References to the threat which English-speakers posed to volkseenheid were gradually eclipsed by a growing obsession with race. Apartheid and the entrenchment thereof, which was synonymous with the triumph of the National Party in 1948, was emphatically asserted in 1949 when the inauguration of the Voortrekker Monument became a huge political event organised to honour the triumph in Africa of white civilisation and Christianity. The design and symbolism of the Voortrekker Monument, the official programme of the 1949 inauguration, as well as the ceremony and the speeches delivered at the inauguration, boast some of the most blatant instances of racism that ever occurred in the apartheid era. In the interpretation of the architecture, in the printed programme, and in the public orations, apartheid was preached and practised. The newly elected National Party used this opportunity to validate its apartheid policies by making a simplistic equation between Christianity, civilisation and the survival of the white race. The recurring theme of the Voortrekkers as `God's Chosen People' who paid for the land with their lives, used in 1938 to emphasise the virtue of the Afrikaner volk's ancestors, was now developed to justify the racial policies of the new government as being a God-given responsibility.
In the 1949 inaugurational programme of the Voortrekker Monument, Gerard Moerdyk, architect of the Voortrekker Monument, wrote a lengthy treatise on the meaning and symbolism of the Monument, a piece of writing which reveals his - and by implication his employers' - preoccupation with race. Moerdyk places the whole structure of the Monument with its adornments in the context of what he terms the `great civilising deed' of the Voortrekkers, namely the `settling and securing of a white civilisation in the interior of South Africa' (Moerdyk 1949:45). Suffice it to name but a few examples: according to Moerdyk the Van Wouw statue of a Voortrekker woman with two children at the entrance to the Monument is said to symbolise white South Africa as a whole, while the black wildebeest in the wall on either side of this statue symbolise the ever-present dangers threatening white civilisation in South Africa. Above the main entrance, the head of a buffalo guards as a symbol of defence against all inimical elements from the outside, while a laager of 64 wagons carved out of synthetic granite symbolically wards off, as Moerdyk (1949:45) put it, `everything which clashes with the Voortrekker's beliefs and ideals, from this altar of the Afrikaner'. It is interesting to note that some of the most explicit references to Afrikaner ownership of the land are somewhat toned down in later official guides to the Monument. In the 1949 programme Moerdyk speaks of the intention to make South Africa a witmansland (literally `a land of white people') while in a 1954 guide this reference is omitted, possibly because the 1949 text was too explicitly racist.

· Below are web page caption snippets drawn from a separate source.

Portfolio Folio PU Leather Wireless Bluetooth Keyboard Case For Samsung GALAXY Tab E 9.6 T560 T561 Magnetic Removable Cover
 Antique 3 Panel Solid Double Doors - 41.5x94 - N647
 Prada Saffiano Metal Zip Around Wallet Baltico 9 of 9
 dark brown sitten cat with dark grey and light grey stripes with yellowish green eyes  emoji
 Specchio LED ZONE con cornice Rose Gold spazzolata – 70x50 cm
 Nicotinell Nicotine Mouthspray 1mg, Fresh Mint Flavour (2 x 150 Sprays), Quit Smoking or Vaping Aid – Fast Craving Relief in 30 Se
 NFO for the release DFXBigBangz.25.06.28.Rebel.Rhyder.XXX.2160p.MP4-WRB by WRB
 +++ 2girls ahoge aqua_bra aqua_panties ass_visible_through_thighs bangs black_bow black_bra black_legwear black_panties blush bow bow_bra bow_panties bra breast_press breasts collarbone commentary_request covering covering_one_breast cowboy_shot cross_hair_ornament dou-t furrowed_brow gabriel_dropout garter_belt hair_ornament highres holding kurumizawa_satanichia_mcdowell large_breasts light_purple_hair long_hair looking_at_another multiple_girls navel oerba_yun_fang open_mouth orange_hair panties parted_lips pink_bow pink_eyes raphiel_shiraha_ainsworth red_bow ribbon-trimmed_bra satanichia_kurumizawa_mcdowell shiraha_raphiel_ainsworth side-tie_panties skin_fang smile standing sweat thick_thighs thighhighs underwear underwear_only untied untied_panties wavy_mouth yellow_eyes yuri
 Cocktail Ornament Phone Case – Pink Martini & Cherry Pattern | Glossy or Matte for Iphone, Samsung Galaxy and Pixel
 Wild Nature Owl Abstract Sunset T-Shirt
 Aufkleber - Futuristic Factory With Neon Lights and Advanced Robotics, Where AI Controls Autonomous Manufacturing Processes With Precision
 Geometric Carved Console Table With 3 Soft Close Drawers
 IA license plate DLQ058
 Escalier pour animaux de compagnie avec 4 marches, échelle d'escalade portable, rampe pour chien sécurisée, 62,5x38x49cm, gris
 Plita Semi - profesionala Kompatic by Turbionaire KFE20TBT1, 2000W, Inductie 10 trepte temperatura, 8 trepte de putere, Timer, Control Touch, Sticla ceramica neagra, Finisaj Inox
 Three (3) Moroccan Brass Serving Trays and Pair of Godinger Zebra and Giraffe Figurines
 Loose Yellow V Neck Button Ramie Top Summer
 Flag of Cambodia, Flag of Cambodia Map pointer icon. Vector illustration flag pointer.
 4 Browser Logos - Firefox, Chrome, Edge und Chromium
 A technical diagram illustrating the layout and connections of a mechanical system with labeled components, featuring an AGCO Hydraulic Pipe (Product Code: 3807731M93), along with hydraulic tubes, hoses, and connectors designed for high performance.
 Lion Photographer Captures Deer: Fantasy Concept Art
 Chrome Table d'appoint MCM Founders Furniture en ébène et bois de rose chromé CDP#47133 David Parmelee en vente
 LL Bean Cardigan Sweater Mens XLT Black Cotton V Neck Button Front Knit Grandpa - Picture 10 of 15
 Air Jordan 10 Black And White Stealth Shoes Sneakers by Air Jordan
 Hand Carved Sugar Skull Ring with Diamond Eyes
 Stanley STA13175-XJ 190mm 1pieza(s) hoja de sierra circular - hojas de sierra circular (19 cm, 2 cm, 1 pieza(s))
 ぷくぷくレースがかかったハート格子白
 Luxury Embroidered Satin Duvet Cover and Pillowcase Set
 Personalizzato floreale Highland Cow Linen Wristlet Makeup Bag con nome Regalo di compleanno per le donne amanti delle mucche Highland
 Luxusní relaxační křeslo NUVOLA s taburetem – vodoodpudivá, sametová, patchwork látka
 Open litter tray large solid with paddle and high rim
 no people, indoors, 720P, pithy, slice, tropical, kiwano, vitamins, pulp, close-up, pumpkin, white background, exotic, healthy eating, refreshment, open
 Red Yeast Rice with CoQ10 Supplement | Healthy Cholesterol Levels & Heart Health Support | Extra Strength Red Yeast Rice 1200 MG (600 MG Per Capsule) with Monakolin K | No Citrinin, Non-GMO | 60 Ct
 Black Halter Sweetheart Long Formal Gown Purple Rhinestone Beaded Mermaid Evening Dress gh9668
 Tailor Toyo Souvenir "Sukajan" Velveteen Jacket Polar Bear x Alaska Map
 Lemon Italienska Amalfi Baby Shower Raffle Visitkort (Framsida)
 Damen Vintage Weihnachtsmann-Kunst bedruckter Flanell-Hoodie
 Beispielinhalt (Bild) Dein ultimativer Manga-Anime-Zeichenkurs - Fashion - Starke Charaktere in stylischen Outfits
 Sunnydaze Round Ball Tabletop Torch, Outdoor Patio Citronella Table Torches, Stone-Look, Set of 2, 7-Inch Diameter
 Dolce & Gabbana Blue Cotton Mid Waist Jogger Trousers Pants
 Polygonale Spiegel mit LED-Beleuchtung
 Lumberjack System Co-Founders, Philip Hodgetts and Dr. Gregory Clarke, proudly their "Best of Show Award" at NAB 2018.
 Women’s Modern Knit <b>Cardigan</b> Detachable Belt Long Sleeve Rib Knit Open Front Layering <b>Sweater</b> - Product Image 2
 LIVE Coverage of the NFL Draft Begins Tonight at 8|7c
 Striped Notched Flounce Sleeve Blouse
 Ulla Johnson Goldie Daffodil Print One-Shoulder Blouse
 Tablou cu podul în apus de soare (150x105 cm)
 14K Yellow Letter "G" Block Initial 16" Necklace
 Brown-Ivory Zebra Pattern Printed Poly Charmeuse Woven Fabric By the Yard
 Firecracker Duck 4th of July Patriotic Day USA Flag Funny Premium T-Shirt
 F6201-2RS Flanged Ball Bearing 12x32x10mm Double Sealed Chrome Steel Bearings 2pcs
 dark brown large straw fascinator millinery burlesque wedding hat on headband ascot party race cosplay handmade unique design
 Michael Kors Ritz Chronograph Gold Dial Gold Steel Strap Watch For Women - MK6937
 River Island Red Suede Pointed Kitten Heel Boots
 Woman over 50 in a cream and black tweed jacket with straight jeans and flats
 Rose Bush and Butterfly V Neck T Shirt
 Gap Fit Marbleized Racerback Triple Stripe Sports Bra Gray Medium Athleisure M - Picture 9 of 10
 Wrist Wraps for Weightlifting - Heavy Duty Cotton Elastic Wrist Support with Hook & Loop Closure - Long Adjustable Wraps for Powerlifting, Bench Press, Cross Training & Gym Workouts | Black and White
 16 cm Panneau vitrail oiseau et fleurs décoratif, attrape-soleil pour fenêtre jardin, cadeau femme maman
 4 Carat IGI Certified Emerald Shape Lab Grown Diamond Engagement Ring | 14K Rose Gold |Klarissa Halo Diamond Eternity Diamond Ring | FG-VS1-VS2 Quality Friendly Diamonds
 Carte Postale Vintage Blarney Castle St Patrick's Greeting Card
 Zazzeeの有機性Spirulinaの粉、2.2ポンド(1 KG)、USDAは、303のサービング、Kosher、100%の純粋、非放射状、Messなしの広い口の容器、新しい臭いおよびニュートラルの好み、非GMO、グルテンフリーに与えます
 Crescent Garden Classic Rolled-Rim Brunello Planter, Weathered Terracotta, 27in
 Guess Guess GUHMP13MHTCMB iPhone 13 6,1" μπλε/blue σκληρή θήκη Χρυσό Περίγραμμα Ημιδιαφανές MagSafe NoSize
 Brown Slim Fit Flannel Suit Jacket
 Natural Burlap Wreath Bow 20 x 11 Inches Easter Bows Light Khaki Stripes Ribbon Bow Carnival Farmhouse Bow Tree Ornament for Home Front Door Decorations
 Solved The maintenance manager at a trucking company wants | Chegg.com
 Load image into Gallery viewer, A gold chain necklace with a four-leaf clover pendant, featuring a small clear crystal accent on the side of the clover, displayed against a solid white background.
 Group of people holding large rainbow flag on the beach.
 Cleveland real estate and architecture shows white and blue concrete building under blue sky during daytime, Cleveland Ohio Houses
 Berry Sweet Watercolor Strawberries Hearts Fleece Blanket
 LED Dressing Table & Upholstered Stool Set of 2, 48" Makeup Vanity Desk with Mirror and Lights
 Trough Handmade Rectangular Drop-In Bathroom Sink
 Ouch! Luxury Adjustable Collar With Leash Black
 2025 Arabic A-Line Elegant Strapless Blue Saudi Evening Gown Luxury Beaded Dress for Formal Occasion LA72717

This idea of South Africa as witmansland was a prominent theme of the 1952 tercentenary Van Riebeeck festivals. These festivals emphasised the presumed blessings of white settlement in South Africa while banishing all 'non-whites' to the fringes of a hegemonic and white rendition of the South African past. Despite the fact that the icon of Van Riebeeck held special significance for the Afrikaners in the formation of their volk, the celebrations were specifically extended to include white English-speakers as well. As such, it revealed a very significant shift in the political composition of South Africa: while in 1938 at the centenary celebrations Afrikaners were trying to define themselves in opposition to all foreign forces which included English-speakers, by 1952 they were much more concerned with locating power in the hands of white South Africa as a whole and therefore welcomed English-speakers into their laager. As Rassool and Witz (1993:449) have noted in their study of these festivals:
The tenuous electoral victory of 1948, coupled with the limited framework of political support afforded by Afrikaner nationalism, required the power base of the state to be broadened. This meant promoting an accompanying wider white settler nationalism, whose right to rule stemmed from its self-proclaimed role as the bearer of `civilisation', a role which started with its colonial occupation in 1652.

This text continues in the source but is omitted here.